Another potential cause of failure to replicate involves heterogeneity between studies. Definitions of asthma vary widely. Although we used an extraordinarily well-phenotyped cohort of children with documented doctor-diagnosed asthma and a positive methacholine challenge test, and who were participating in a clinical trial, many studies rely on self-reported asthma or wheezing. Heterogeneity in the age and race of subjects could reduce power as well. We note that although we ran our analyses in an additive model, we also assessed for association in a recessive or dominant model if these were supported in the literature. In no case did we find additional significant SNPs; thus, model misspecification does not contribute to our negative results. Finally, we note that evidence of replication at either the SNP or gene level was observed for five of six genes identified by position-based genetic mapping approaches (i.e., linkage analysis or GWAS, including GPR154, ORMDL3, CHI3L1, PHF11, and DPP10, but not ADAM33). This compares with replication for less than 50% of primarily biological candidates. It is interesting to speculate that susceptibility variants identified by hypothesis-free gene mapping more consistently contribute to disease liability across populations.
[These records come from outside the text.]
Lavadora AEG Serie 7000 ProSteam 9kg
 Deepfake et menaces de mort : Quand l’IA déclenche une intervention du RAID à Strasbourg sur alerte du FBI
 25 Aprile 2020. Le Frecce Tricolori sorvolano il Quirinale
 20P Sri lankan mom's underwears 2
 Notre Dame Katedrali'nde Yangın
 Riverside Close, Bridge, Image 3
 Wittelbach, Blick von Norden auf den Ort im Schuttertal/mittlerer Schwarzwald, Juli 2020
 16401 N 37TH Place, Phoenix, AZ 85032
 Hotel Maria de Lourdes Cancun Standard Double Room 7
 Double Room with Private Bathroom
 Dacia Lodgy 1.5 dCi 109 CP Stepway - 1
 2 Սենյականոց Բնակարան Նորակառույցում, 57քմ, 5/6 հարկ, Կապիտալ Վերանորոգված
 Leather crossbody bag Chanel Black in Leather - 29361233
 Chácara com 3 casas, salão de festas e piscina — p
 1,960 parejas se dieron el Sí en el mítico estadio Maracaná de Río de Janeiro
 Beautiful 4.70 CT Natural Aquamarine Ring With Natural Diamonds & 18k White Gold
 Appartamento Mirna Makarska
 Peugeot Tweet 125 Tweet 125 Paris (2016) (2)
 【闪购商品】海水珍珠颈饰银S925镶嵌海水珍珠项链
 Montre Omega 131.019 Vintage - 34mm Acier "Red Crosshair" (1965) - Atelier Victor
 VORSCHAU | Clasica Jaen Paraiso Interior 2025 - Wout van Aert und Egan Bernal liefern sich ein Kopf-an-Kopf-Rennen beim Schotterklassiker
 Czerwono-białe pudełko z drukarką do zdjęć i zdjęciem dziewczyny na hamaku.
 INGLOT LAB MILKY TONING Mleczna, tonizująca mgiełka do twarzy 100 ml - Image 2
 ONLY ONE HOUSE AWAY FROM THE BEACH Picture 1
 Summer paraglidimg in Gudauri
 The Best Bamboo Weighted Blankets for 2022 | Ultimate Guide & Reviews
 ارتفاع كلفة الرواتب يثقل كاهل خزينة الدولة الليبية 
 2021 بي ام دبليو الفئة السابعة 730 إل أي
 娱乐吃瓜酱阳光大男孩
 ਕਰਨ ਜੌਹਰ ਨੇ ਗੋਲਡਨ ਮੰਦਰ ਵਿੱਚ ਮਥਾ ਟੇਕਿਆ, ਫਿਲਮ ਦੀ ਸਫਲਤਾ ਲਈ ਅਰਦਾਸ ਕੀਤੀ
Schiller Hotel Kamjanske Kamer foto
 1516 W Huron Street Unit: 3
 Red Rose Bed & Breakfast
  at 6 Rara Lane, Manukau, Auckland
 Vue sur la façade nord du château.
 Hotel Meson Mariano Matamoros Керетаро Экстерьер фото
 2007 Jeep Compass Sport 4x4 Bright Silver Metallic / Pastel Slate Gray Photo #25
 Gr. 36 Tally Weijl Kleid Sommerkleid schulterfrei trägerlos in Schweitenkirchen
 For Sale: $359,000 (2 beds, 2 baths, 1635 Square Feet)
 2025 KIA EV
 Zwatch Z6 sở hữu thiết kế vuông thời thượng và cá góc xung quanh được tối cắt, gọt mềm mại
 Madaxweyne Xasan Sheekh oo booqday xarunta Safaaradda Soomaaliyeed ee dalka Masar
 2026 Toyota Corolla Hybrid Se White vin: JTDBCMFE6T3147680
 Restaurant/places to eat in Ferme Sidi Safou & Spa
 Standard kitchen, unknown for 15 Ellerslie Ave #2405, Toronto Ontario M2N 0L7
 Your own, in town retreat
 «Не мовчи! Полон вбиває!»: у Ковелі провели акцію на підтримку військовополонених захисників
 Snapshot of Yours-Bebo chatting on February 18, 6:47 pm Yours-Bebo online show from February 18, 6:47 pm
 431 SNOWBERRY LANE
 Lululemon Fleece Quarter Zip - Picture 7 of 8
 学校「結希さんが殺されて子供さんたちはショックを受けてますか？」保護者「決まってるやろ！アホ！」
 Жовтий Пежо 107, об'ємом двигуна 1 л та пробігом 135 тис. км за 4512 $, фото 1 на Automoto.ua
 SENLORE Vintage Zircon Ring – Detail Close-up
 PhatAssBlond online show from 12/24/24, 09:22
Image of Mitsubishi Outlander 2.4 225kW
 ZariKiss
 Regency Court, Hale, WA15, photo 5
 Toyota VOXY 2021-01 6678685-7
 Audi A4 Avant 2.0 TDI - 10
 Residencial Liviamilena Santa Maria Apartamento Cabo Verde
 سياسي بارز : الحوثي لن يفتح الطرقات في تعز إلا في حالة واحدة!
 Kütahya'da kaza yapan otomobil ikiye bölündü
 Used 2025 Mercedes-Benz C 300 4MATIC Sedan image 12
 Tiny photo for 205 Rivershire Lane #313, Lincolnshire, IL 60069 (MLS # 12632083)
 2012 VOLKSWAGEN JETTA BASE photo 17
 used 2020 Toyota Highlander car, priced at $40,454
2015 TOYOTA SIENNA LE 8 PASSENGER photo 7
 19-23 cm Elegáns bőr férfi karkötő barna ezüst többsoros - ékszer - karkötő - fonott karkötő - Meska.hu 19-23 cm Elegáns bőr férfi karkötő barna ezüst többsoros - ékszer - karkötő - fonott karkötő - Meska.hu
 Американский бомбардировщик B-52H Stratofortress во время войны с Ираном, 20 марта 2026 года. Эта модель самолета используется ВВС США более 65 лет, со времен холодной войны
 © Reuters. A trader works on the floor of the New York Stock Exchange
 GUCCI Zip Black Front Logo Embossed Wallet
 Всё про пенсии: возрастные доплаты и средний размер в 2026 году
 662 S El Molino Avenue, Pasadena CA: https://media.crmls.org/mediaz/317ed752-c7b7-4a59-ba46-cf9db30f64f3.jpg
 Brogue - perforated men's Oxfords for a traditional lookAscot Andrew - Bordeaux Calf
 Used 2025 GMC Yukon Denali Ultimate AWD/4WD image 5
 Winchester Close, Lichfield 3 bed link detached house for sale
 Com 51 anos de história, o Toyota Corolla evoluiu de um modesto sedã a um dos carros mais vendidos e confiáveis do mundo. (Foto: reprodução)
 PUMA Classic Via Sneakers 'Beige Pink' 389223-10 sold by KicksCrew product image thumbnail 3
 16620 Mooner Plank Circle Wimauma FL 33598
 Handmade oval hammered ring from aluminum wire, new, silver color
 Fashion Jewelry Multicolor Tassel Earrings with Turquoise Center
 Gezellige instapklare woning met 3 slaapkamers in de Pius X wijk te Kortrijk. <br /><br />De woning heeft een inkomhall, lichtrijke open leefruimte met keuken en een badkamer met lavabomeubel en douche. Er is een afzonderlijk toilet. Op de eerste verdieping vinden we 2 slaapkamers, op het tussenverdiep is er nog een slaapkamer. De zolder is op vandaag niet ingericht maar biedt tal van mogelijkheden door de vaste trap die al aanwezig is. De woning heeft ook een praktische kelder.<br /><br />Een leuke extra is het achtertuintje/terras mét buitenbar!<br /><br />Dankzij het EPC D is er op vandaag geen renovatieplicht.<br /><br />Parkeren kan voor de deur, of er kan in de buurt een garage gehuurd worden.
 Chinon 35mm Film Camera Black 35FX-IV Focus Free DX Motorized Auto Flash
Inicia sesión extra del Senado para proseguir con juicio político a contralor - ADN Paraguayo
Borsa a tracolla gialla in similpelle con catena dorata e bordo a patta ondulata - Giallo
So what does GWAS add to our understanding of candidate genes? It is most obviously useful when previously identified SNPs are directly represented (the 93 SNPs testable here, for example). As the number of available asthma GWASs increases, we may soon be able to pool results from multiple cohorts and thus have sufficient power to more definitively answer whether those SNPs are truly asthma susceptibility loci. GWAS also facilitates broader surveys of common variation within these candidate genes and can reveal novel candidate susceptibility SNPs, as illustrated in 15 genes in this study. However, where genetic coverage is sparse, GWAS is less well suited for “ruling out” candidate genes. In these instances, negative studies not only require larger samples, but also direct genotyping of candidate variants not represented (either directly or indirectly) on the arrays.
In summary, we have performed the first systematic assessment of asthma genes by GWAS technology. We found evidence of SNP-level replication in 6 genes, and gene-level replication for 15. We anticipate that GWAS data will continue to be used to evaluate candidate genes. As results from additional asthma GWASs become available and investigators pool their results, we will be able to more definitively resolve which of these candidates are truly asthma genes.